(Data extracted from a collection)
+ + +

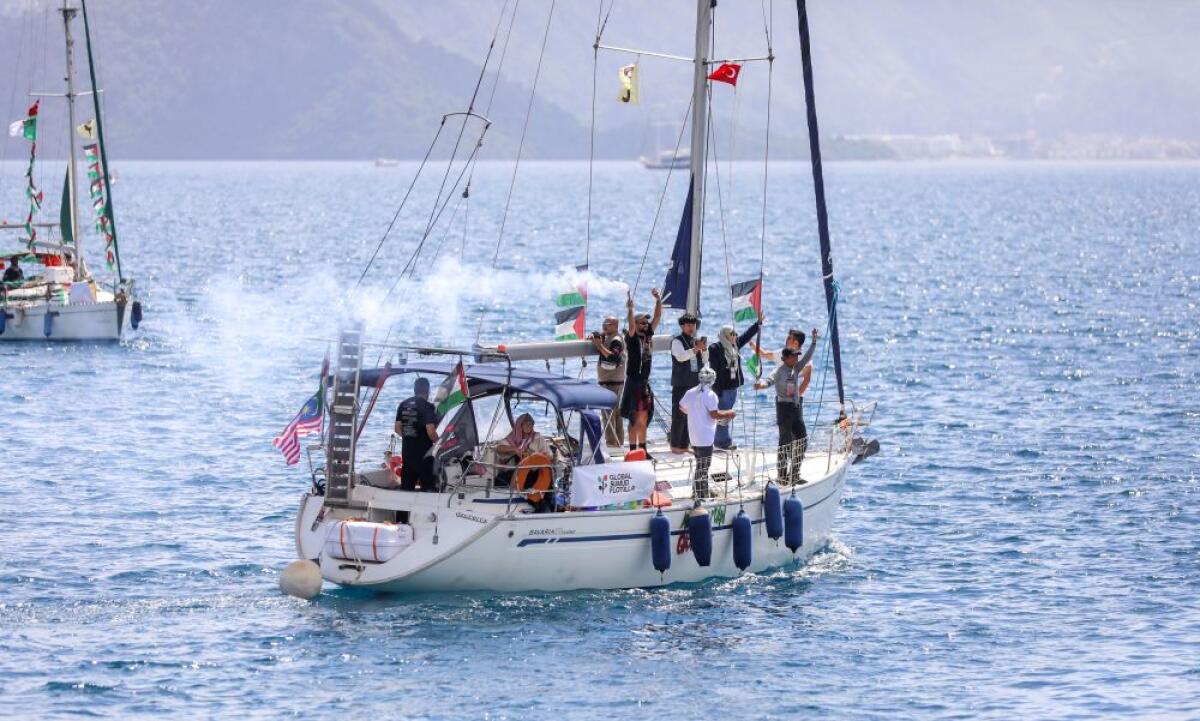 Flotilla, l’Italia pretende le scuse e convoca l’ambasciatore israeliano - 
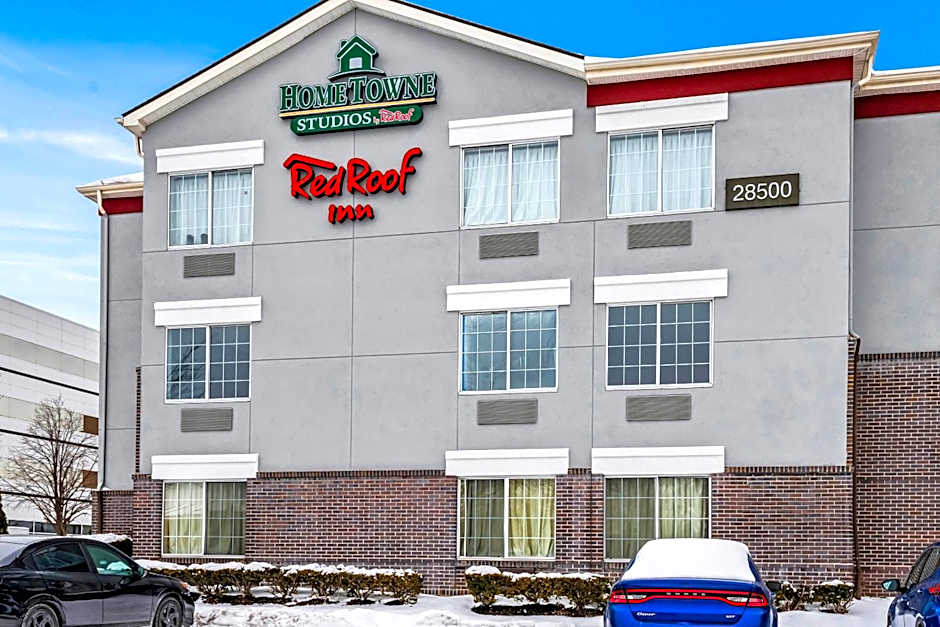 Red Roof Inn Southfield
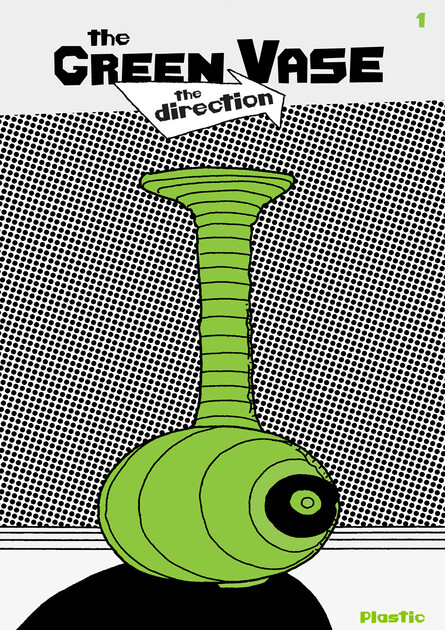 THE DIRECTION 01: DIE GRÜNE VASE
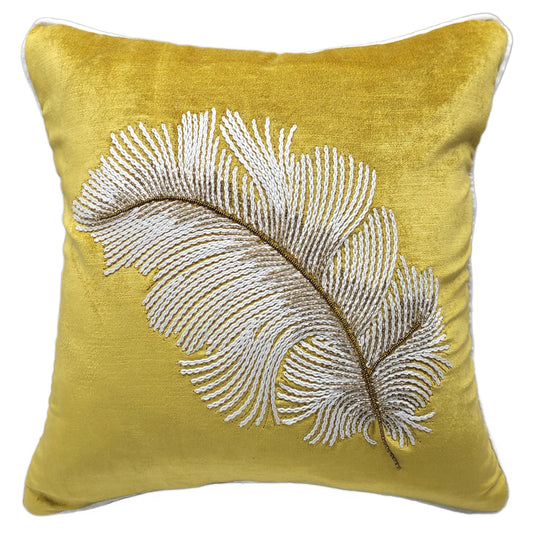 Fern 16 x 16 Cushion Cover (50% SALE)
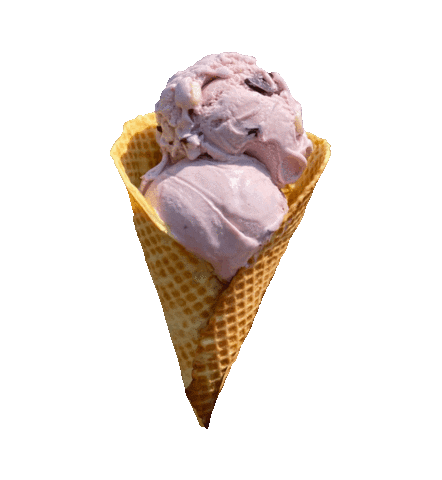 Summer Chocolate Sticker by The Farmer's Cow Calfe & Creamery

+ + +

__What needs to be done__.
Whenever a picture appears, leave it out, and return every record exactly.

__Output below__.
 Flotilla, l’Italia pretende le scuse e convoca l’ambasciatore israeliano - 
 Red Roof Inn Southfield
 THE DIRECTION 01: DIE GRÜNE VASE
 Fern 16 x 16 Cushion Cover (50% SALE)
 Summer Chocolate Sticker by The Farmer's Cow Calfe & Creamery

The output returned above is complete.